» PROBLEM:
Reproduce only the lines below from the line containing "VOLKSWAGEN-VIRTUS-2024" to the line containing "Used 2010 Ford F350 King Ranch image 25", exactly as written, with both end lines kept. Omit the pictures.

» AVAILABLE RECORDS:
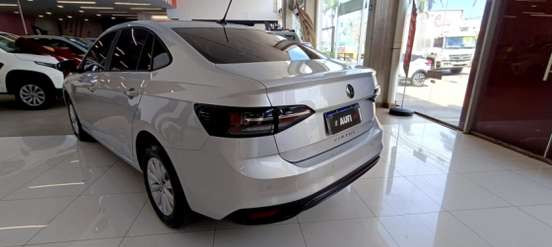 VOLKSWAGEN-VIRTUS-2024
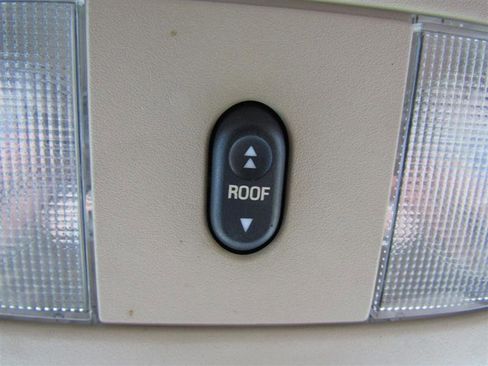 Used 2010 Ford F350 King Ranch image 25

==

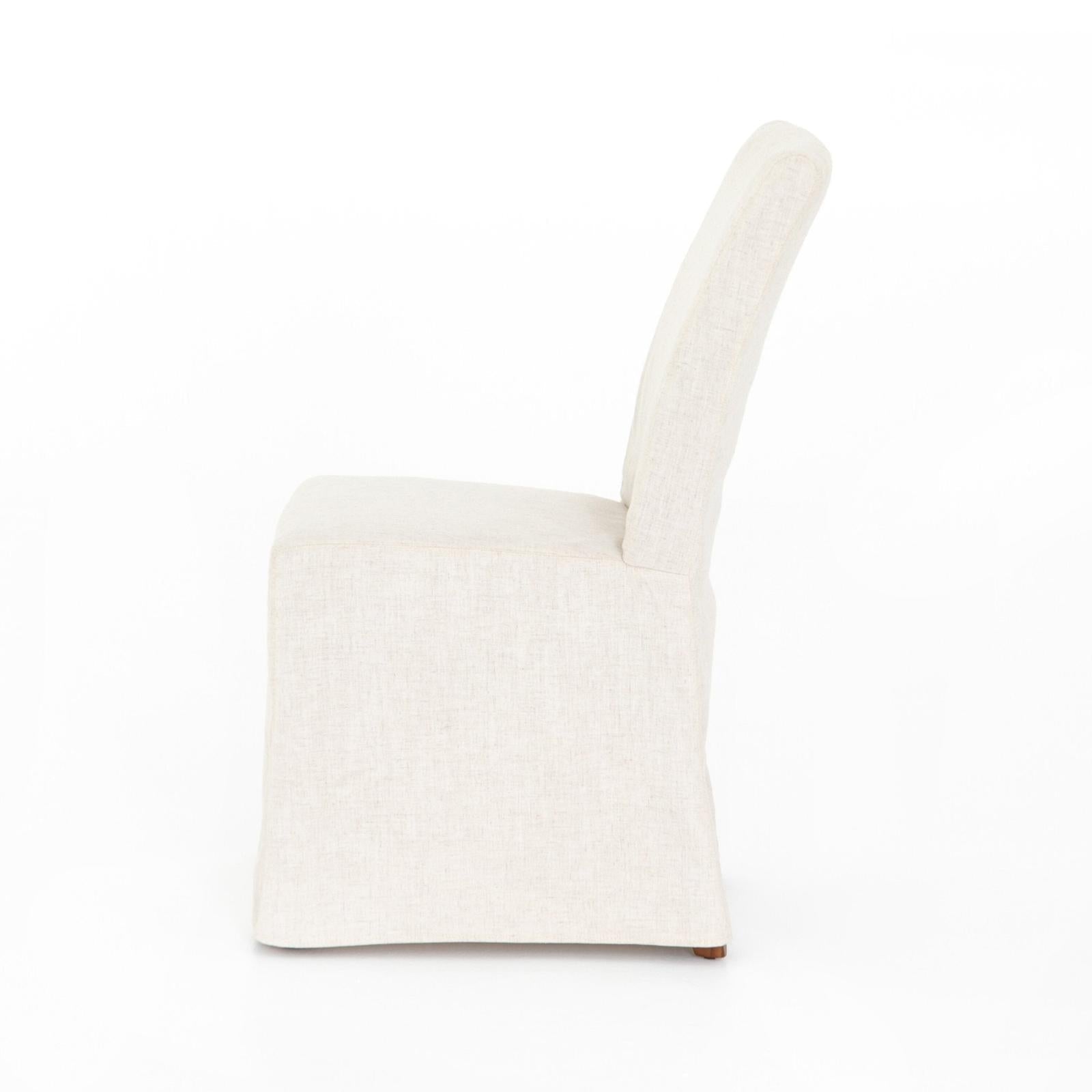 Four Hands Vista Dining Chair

---

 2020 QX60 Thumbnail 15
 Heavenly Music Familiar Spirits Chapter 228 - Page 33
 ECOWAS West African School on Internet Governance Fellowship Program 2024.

» ANSWER BOX:
 VOLKSWAGEN-VIRTUS-2024
 Used 2010 Ford F350 King Ranch image 25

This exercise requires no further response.